Ops-dashboard/deploy/server-backup/server-backup.sh

#!/usr/bin/env bash
# Daily server-wide backup: dumps databases, runs restic to NAS + B2,
# writes a structured statusfile that the ops-dashboard can read.
#
# Install:
#   cp deploy/server-backup/server-backup.sh /srv/backups/scripts/server-backup.sh
#   chmod 0750 /srv/backups/scripts/server-backup.sh
#   chown root:root /srv/backups/scripts/server-backup.sh
#
# Requires: bash, jq, flock, restic, docker, gzip. See runbook for setup.

umask 077
set -uo pipefail

# ── Configuration ──────────────────────────────────────────────────────────
STATUS_DIR="${STATUS_DIR:-/srv/backups/status}"
LOG_DIR="${LOG_DIR:-/srv/backups/logs}"
DB_DUMP_DIR="${DB_DUMP_DIR:-/var/backups/databases}"
RESTIC_PASSWORD_FILE_PATH="${RESTIC_PASSWORD_FILE_PATH:-/etc/restic-backup.password}"
LOCKFILE="${LOCKFILE:-/run/server-backup.lock}"
RUN_DATE="$(date +%F)"
STARTED_AT="$(date -Is)"
SECONDS=0

# Phase order — must match write_status_json + determine_exit_code expectations.
PHASE_ORDER=(
  postgres_dump
  forgejo_dump
  forgejo_db_dump
  restic_nas
  restic_b2
  forget_nas
  check_nas
  check_b2
)

declare -A PHASE_STATUS PHASE_EXIT PHASE_START PHASE_END PHASE_ERR PHASE_EXTRA
OVERALL_STATUS="unknown"

# ── Single-instance lock ───────────────────────────────────────────────────
exec 9>"$LOCKFILE" || { echo "ERROR: cannot open lockfile $LOCKFILE" >&2; exit 1; }
if ! flock -n 9; then
  echo "ERROR: another server-backup is already running (lock $LOCKFILE held)" >&2
  exit 75
fi

# ── Env + secret loading ───────────────────────────────────────────────────
# When invoked via systemd, EnvironmentFile=/etc/restic-backup.env has already
# been loaded. When invoked manually for testing, source it ourselves.
if [ -z "${RESTIC_REPO_NAS:-}" ] && [ -r /etc/restic-backup.env ]; then
  # shellcheck disable=SC1091
  set -a; . /etc/restic-backup.env; set +a
fi

: "${RESTIC_REPO_NAS:?RESTIC_REPO_NAS not set (see /etc/restic-backup.env)}"
: "${RESTIC_REPO_B2:?RESTIC_REPO_B2 not set (see /etc/restic-backup.env)}"

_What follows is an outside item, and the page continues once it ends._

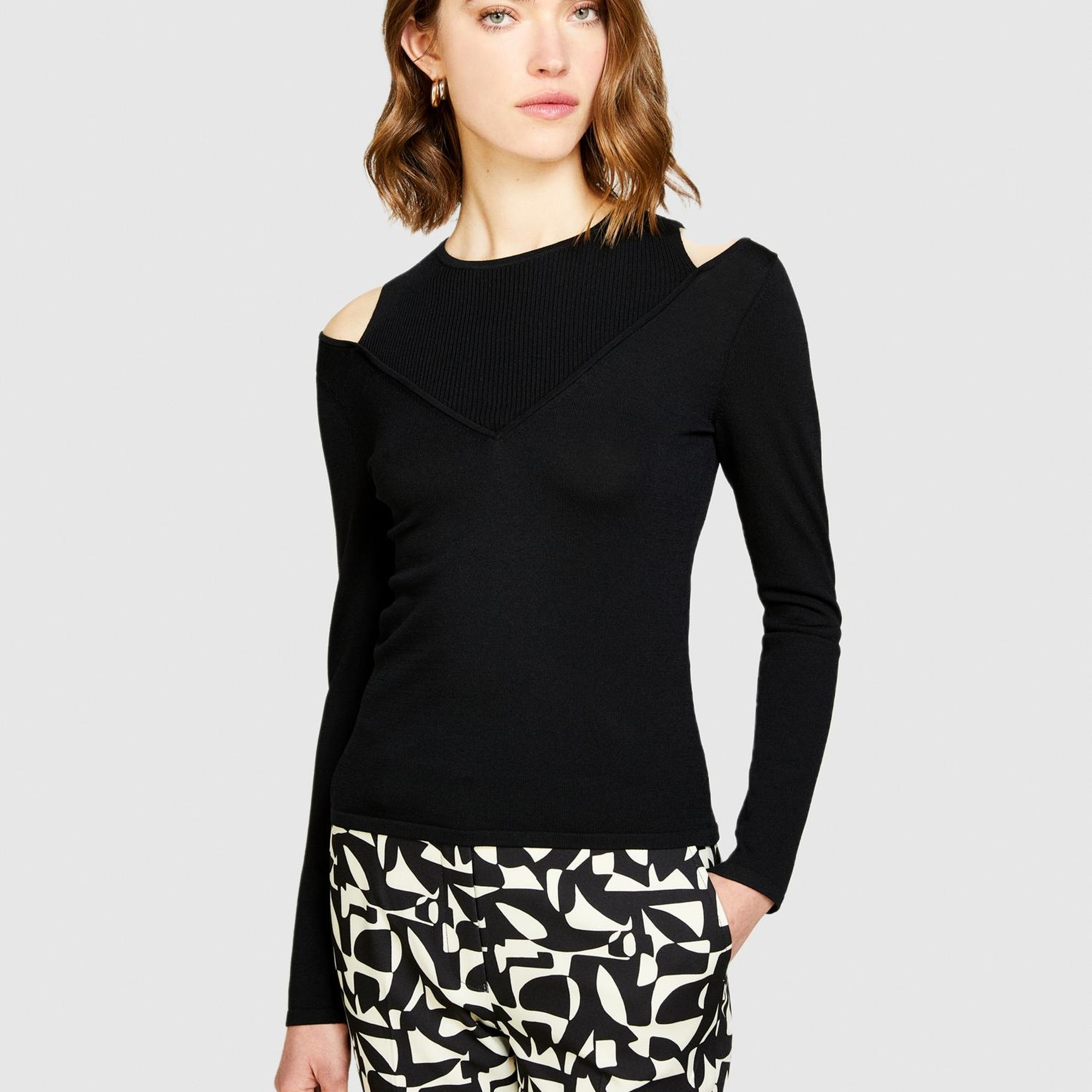 Kadın Siyah Viskoz Karışımlı Önü Pencere Detaylı Dar Kesim Kazak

if [ ! -r "$RESTIC_PASSWORD_FILE_PATH" ]; then
  echo "ERROR: restic password file $RESTIC_PASSWORD_FILE_PATH not readable" >&2
  exit 1
fi
export RESTIC_PASSWORD_FILE="$RESTIC_PASSWORD_FILE_PATH"

# Required tooling
for tool in jq restic docker gzip flock; do
  if ! command -v "$tool" >/dev/null 2>&1; then
    echo "ERROR: required tool '$tool' not on PATH" >&2
    exit 1
  fi
done

# ── Logging ────────────────────────────────────────────────────────────────
mkdir -p "$LOG_DIR" "$STATUS_DIR" "$DB_DUMP_DIR"
chmod 0750 "$LOG_DIR" "$STATUS_DIR"
LOG_FILE="$LOG_DIR/server-backup-$RUN_DATE.log"
# Mirror everything to LOG_FILE and the journal.
exec > >(tee -a "$LOG_FILE") 2>&1

echo "════════════════════════════════════════════════════════════════"
echo " Server backup — started $STARTED_AT"
echo " Host: $(hostname)"
echo " NAS repo: $RESTIC_REPO_NAS"
echo " B2 repo:  $RESTIC_REPO_B2"
echo "════════════════════════════════════════════════════════════════"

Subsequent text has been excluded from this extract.